Friday, November 19, 2010

The wind will carry us

Abbas Kiarostami 1999

After seeing an excellent film, it is perhaps natural to feel, at least for a while that this was the director's best. None of Kiarostami's were disappointing. But since there are many who find his films to be monotonous and empty, I may have at times had second thoughts about my own evaluation. This film reconfirms my immense liking for his movies.

He has been called painfully slow, repetetive, and plain boring. I find his description of everyday events set in a mountain village to be hypnotic, a leisured meditation on the wonder of  event-less daily existence. It is no more repetitive than a refrain that re-occurs in a song. I found this movie, in it's series of cameos of details of the ordinary--a tortoise succeeds in uprighting itself after being upturned by the sullen protagonist, a robust mother of ten shyly withdraws behind a curtain on being asked how many more the factory could produce, village folk refuse to accept payment for a jar of milk, an insect dragging it's loot--no less absorbing than a courtroom drama, or a horror film, with the difference that it gently draws you in, rather than assaulting your senses.

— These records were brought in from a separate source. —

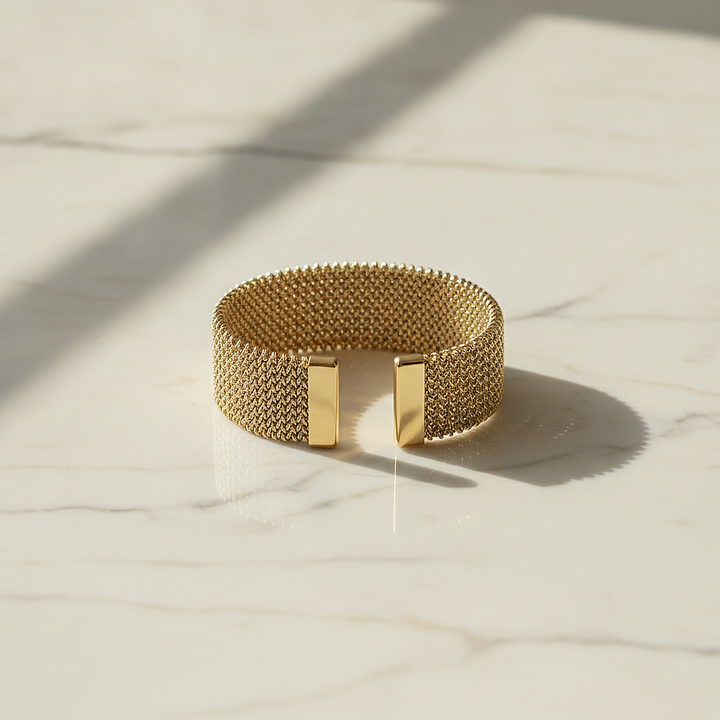Bijou Vintage Bracelet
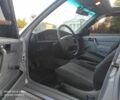 Серый Мерседес 190, объемом двигателя 2 л и пробегом 2 тыс. км за 3000 $, фото 15 на Automoto.ua
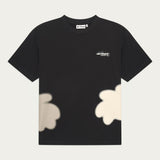 Raw Heads T-shirt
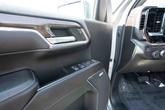 Thumbnail of 2024 Sterling Gray Metallic Chevrolet Silverado 1500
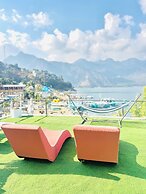 Luxury Atitlan Suites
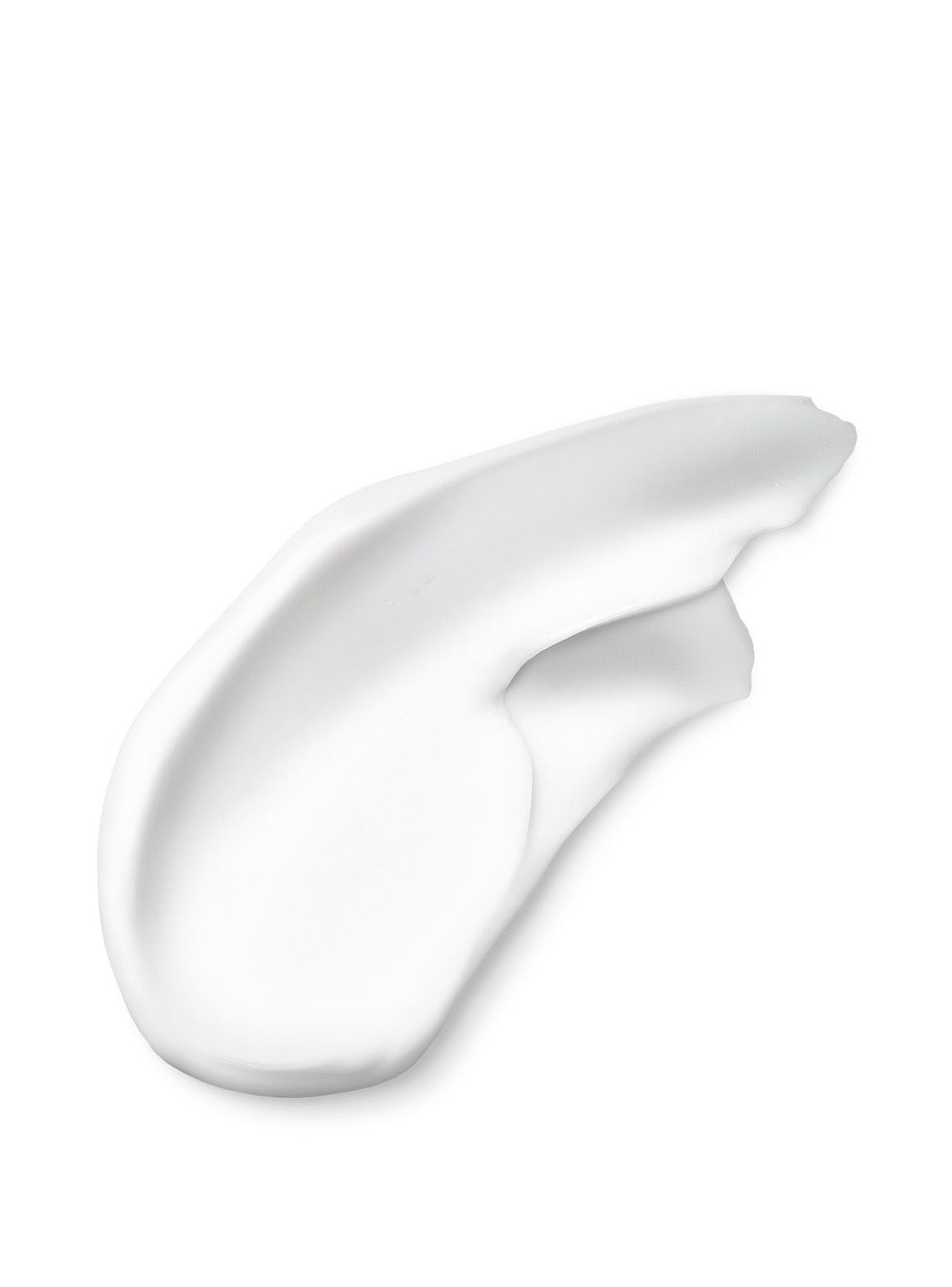 Victoria Secret Bombshell Intense Crema Corporal perfumada 250ml / 8.4 oz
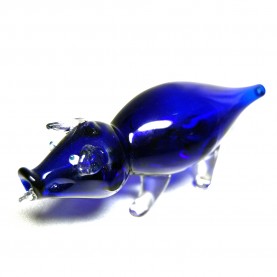 Šlukovka Pyrex – Prastiatko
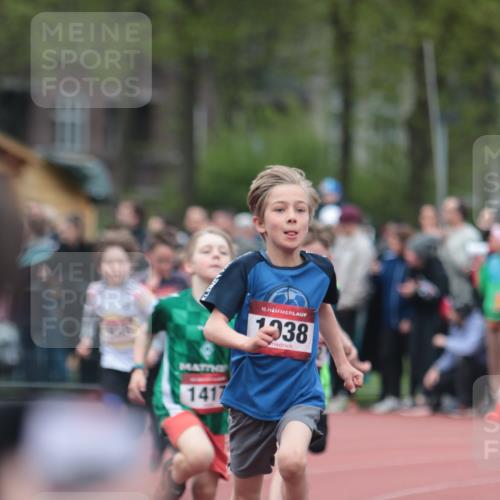 13.04.2025 - Hammer Lauf A. Gomolzig http://msf.ph/oto/7655482 13.04.2025 09:22:55 Ziel 613, 701, 784, 883, 909, 972, 978, 996, 1038, 1102, 1308, 1417, 1833 meine-sportfotos.de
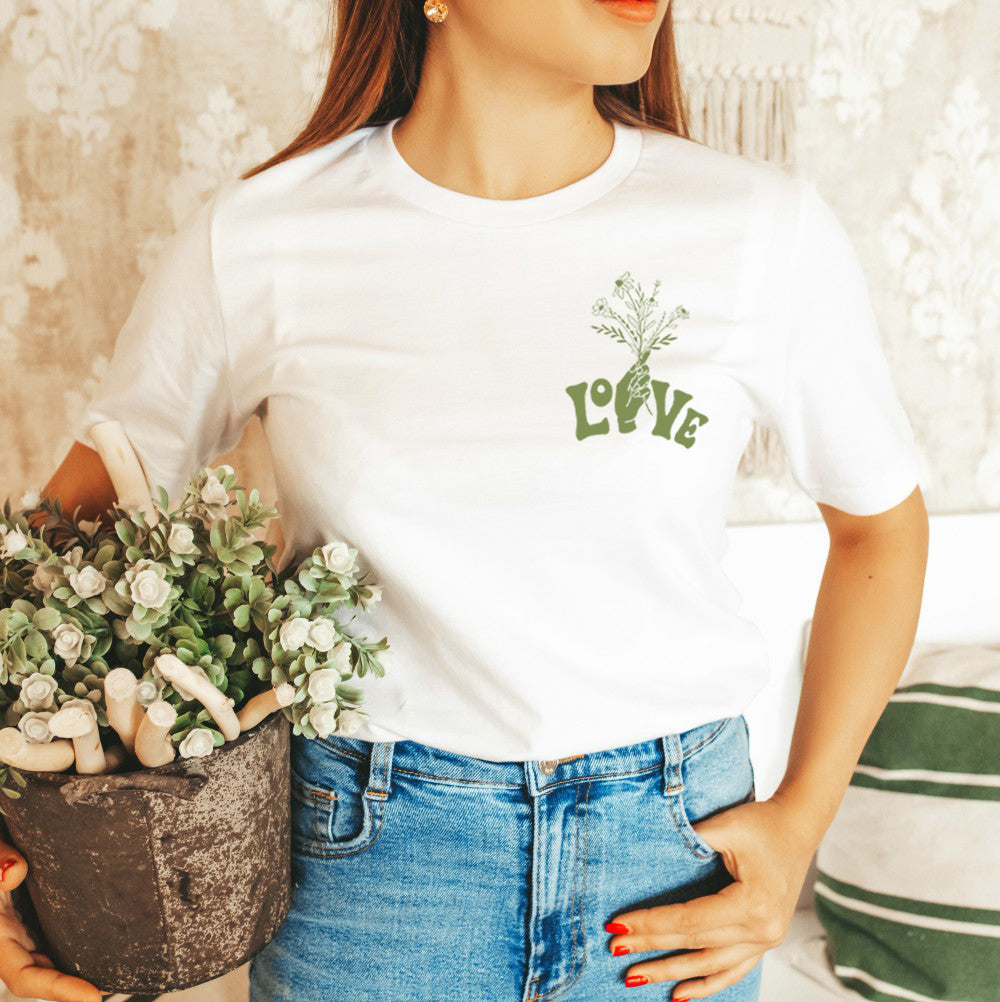 T3001-BC-755_White_9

The present film is a sketch of life in a remote Iranian village. The camera surveys the fascinating structure of mud dwellings placed against a hillock one atop the other like a house of cards. The corn fields stretch out between the bald mountains like the Van Gogh painting. Kiarostami vision is reverential, and whether he is looking at objects or people, seeing his films is like a voyage of discovery in a territory familiar in it's humanity. His camera is as though intoxicated by the things of this world and there is an almost biblical simplicity about his observation of people. Others say his characters lack psychological depth. They certainly are not obsessed with individualism.

Kiarostami more than individuals is portraying society. The community portrayed in this film might seem idyllic, specially if one has become used to the gangster movies as a norm of human behaviour. The villagers, perhaps due to their interdependance, cherish the virtues of neighbourliness and brotherhood. Kiarostami, often criticised and banned in his own country, is hardly one to glorify religion, but the simplicity of these pastoral and agricultural hill-folk, brings out the essence of the Islamic ethos, and indeed, of any religion worth the name.